Pringle, the crotchety old lawyer who knew the secret of the will,
vanished mysteriously at the end of the second scene. In the third, the reporter and the granddaughter, who’d formed a somewhat bickering team, decided to hunt for the old man. The veteran actor Andrew Truett was playing the lawyer.

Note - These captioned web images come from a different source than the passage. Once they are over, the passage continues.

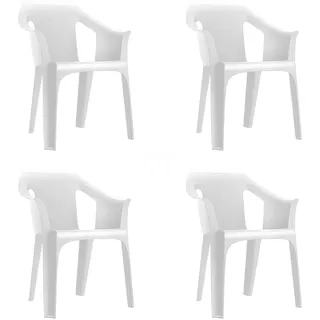 garbar Kunststoff Weiß (4er Set)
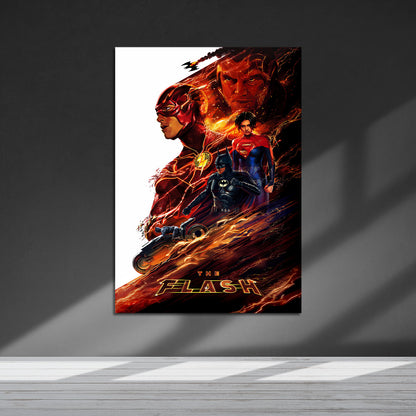 Flex Designs Metal Poster The Flash Sketch 5 x 7" Home Goods - Movie 2023 Movie Metal Poster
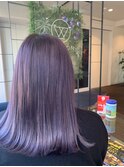 【W_SALON 河原町】パープル外ハネ/外ハネボブ/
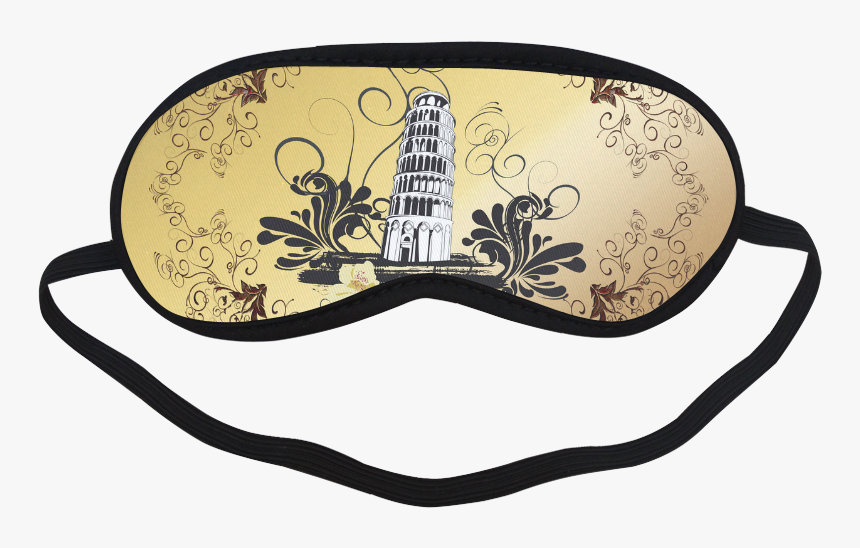 The Leaning Tower Of Pisa Sleeping Mask - Eye Mask With Googly Eyes, HD Png Download
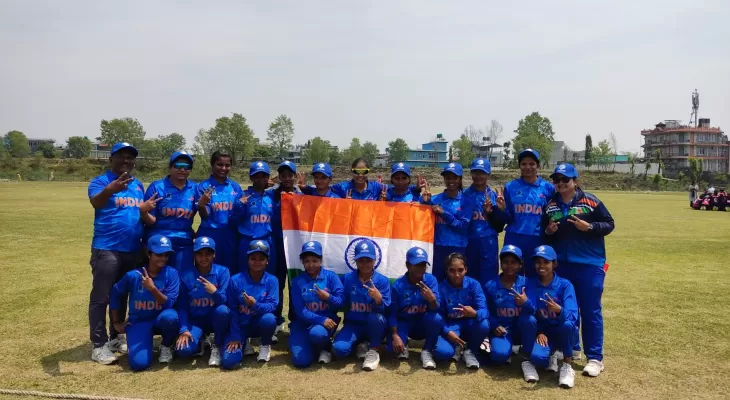 नेपाल भारत नेत्रहीन महिला क्रिकेट : दोस्रो दिनको खेलमा भारत ९ विकेटले विजयी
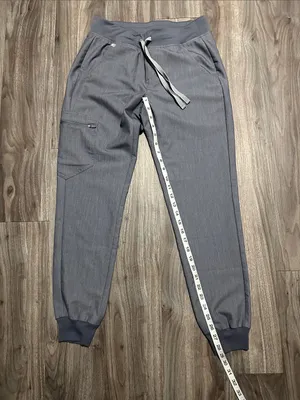 Figs Gray Drawstring Jogger Scrub Pants thumbnail 6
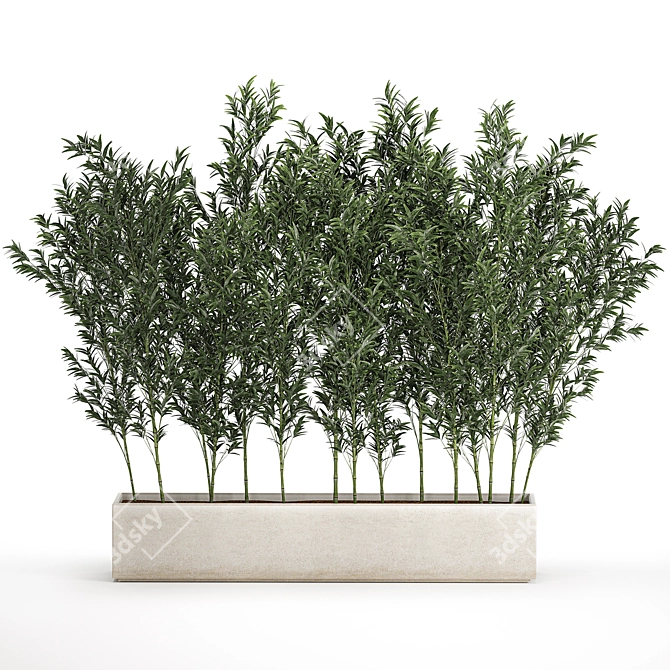 Unique product title: Bamboo Groves for Outdoor and Interior 3D model image 6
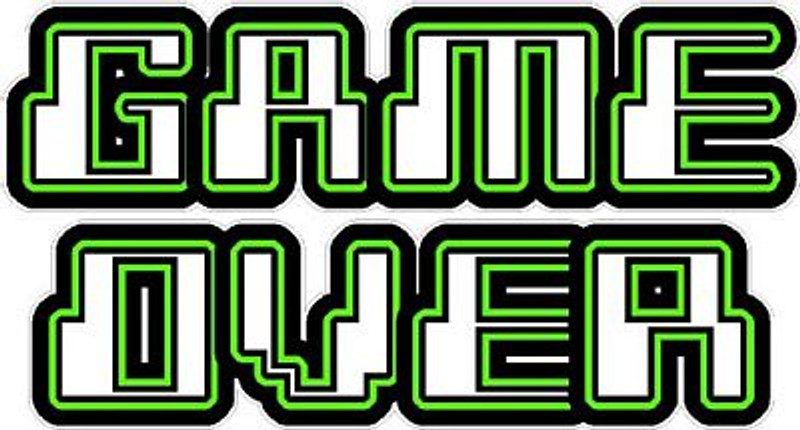 game over funny sticker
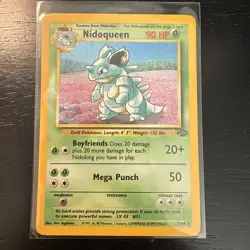 Nidoqueen 7/64 Jungle Unlimited Holo Rare LP NM Pokemon TCG WOTC Vintage 1999 - Image 1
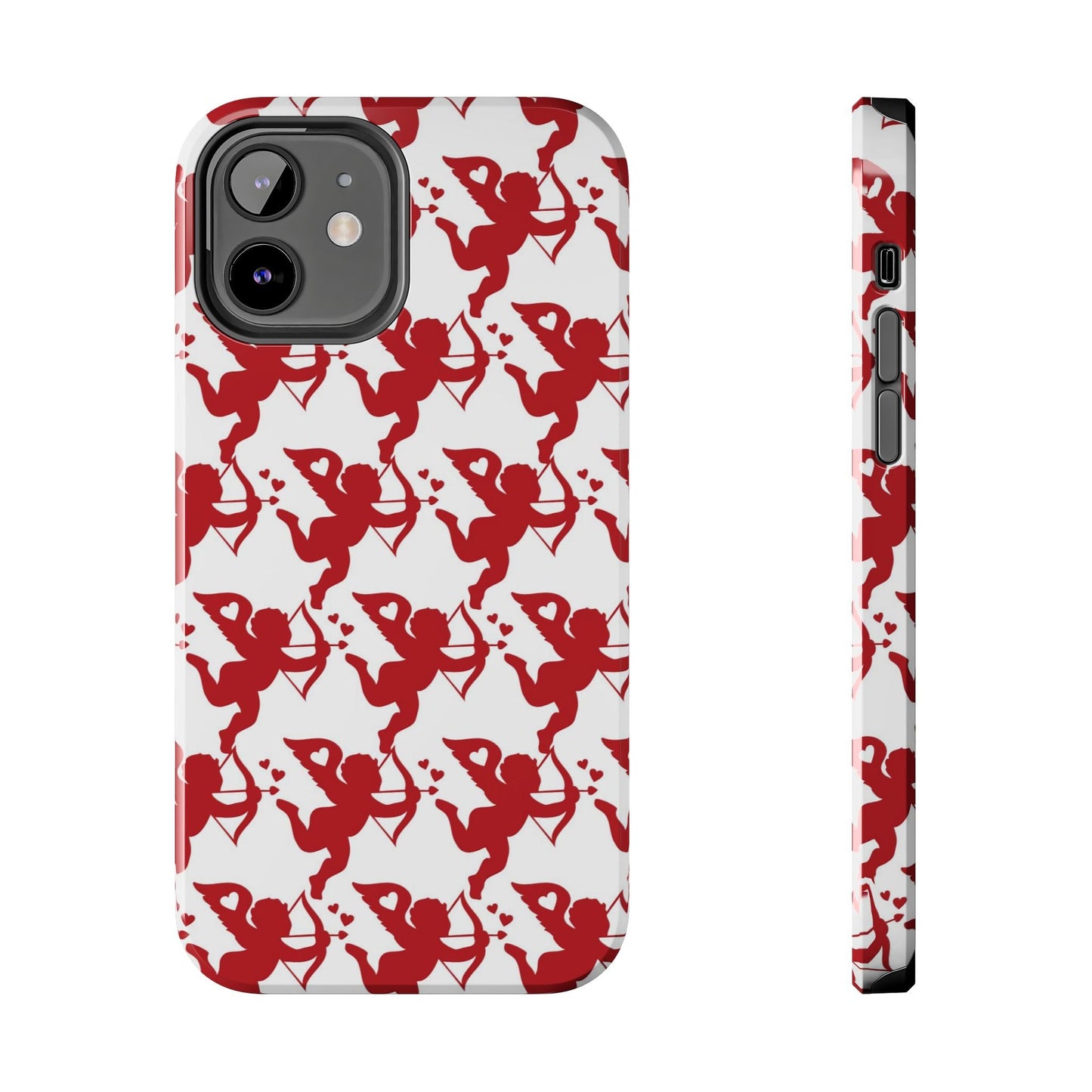 Red Cupid Love Pattern - iPhone Series Case - BOGO Cases
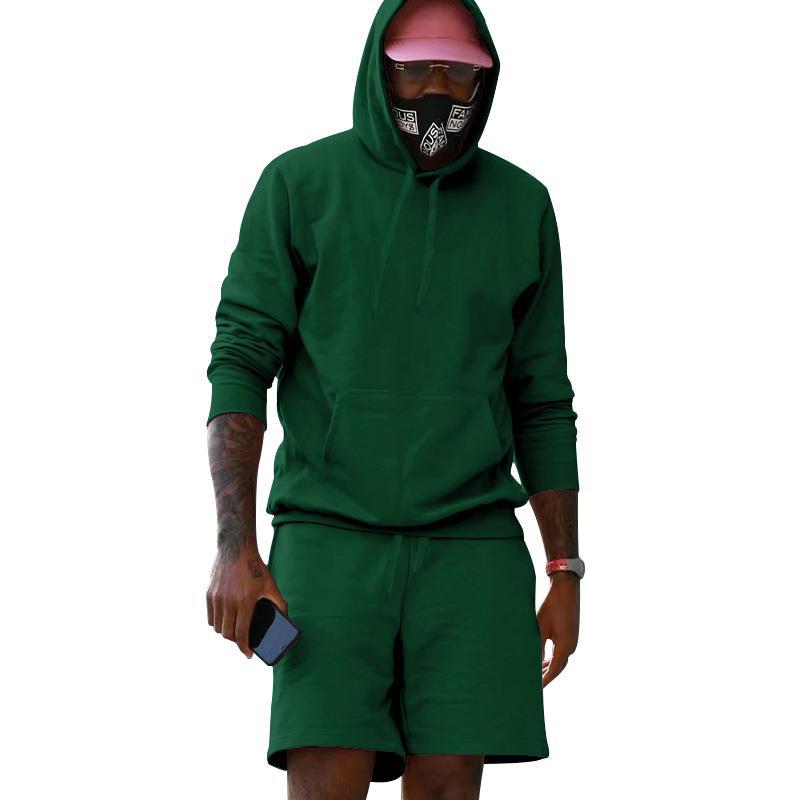 Herren Sportset Hoodie und Shorts Training Berlin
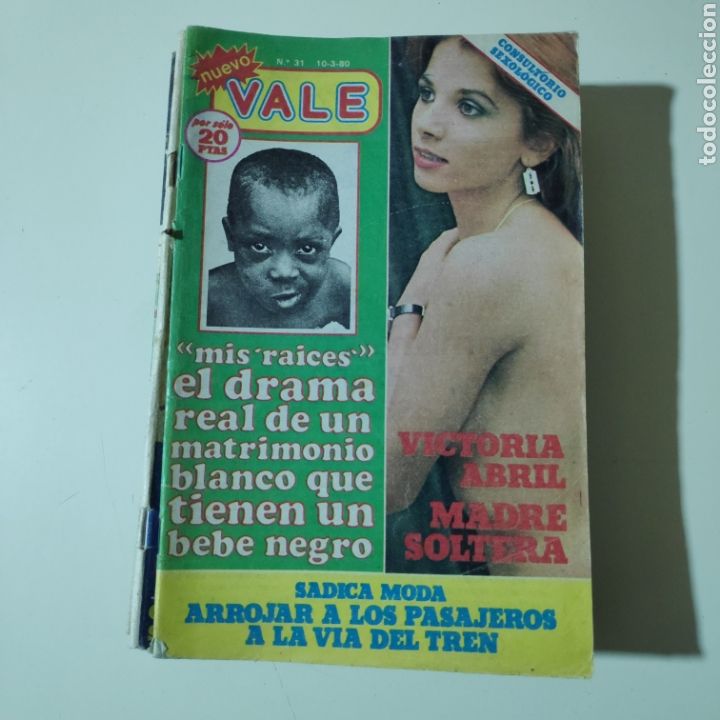 Coleccionismo de revistas y peri&oacute;dicos: NUEVO VALE 31 VICTORIA ABRIL MORBO EROTISMO SEXUALIDAD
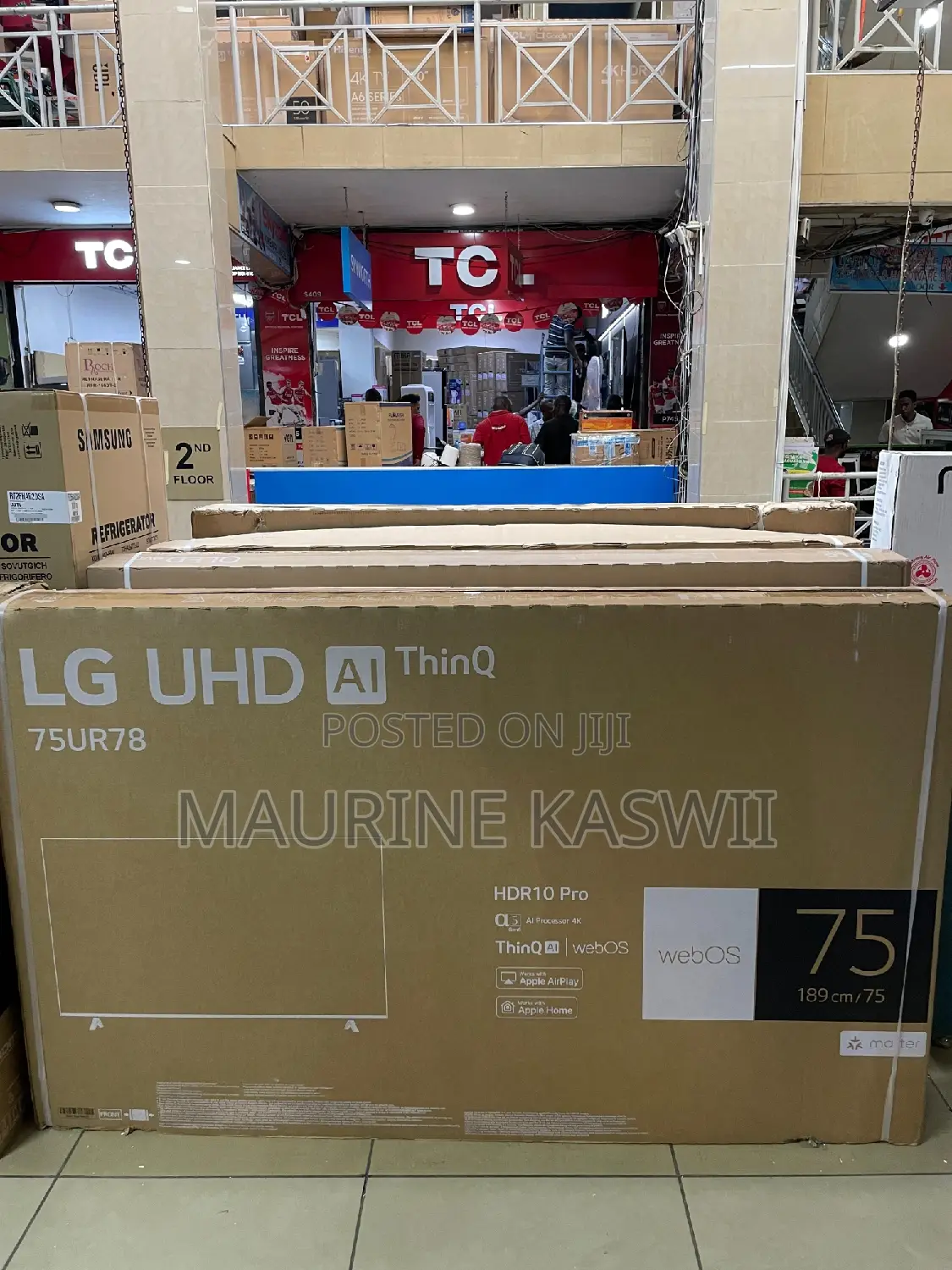 Lg 75′′ 75ur78 Smart Uhd Led Thinkq Tv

When they were alone in the living room, with lightning flashing and thunder booming outside in the stormy night, Elena Styverson said, “You know, Mr. Scanlon, in the movies they always—”
“Hey, kid, you can call me Jake. All my friends do.”
She smiled, moving toward a closet door. “Okay, Jake.”
“And you were saying, sweetheart?”
“Oh, that in the movies they always find missing people stowed in the closet.”
Washburn laughed, pushing his hat brim up. “That’s only in the movies.”
“Even so, Mr.—I mean, Jake. Even so, we’d better look and make sure Mr. Pringle hasn’t gotten in there somehow.”
Laughing, Washburn strode to the closet door and took hold of the knob and turned it. “Come out of there, Pringle, old boy.”
He yanked the door open.
A body fell out and slammed onto the Persian carpet with an echoing thud.
Elena Styverson screamed.
Washburn started to put an arm around her, then stepped back and said, “Holy Christ, that’s not a dummy.”
Dian, exhaling sharply, gripped Groucho’s arm. “My god, it’s Manheim.”
“That it is,” he agreed. “And this time it looks like he’s really dead.”